Standard HPA can consume this metric via the Prometheus adapter, but the configuration is non-trivial. KEDA is a cleaner fit: it scales directly on raw Prometheus queries without the adapter layer. The vLLM Production Stack Helm chart has native KEDA integration — a ScaledObject targeting a vLLM Deployment is enabled through a single values.yaml block, with configurable thresholds, cooldown periods, and fallback replica counts.

Even with the right signal, general-purpose autoscalers have limits with GPU inference workloads. Throughput doesn't scale linearly with replica count because batching efficiency changes as replicas share load.
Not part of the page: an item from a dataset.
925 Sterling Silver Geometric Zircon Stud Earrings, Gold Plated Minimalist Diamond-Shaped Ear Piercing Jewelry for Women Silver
Cold start times are long enough that reactive scaling often adds capacity too late for latency-sensitive traffic.

Dedicated solutions are emerging that understand LLM workloads natively:

  1. AIBrix — open-source, from ByteDance, under the vllm-project umbrella. Provides LLM-specific autoscaling policies and a Kubernetes-native control plane for vLLM, designed around inference traffic characteristics rather than generic request rates.

  2. NVIDIA Grove — a broader platform approach, offering multi-level autoscaling with topology-aware GPU scheduling for complex inference deployments.

  3. ScaleOps — approaches the problem from a different angle. Rather than replica-based scaling, it focuses on GPU rightsizing and safe workload co-location: packing multiple models onto fewer GPUs based on actual runtime memory and compute behaviour, reducing the total GPU count needed regardless of replica count.

Cold start is the central problem. An inference pod takes several minutes to load a large model into GPU memory before it can serve any request. Scaling up in response to increased load means new capacity isn't available for minutes after it's needed. The practical implication: you cannot scale an inference server to zero if you need predictable response latency. Setting minReplicas: 1 keeps one warm instance running at all times, accepting a continuous GPU cost to avoid cold start penalty on the first request.

Conclusions

Running vLLM in-cluster doesn't change the LLM gateway picture from the previous post. vLLM exposes an OpenAI-compatible endpoint; LiteLLM adds it as a named backend alongside external providers. From the agent's perspective nothing changes — the same POST /v1/chat/completions call reaches whichever backend the gateway's routing rules select. Workloads subject to data residency requirements route to the local cluster; cost-optimised workloads route to cheaper external models; the gateway falls back to external providers if the local inference server is overloaded or unavailable.

The GPU infrastructure is complex to operate, but it remains hidden behind the same interface agents already use.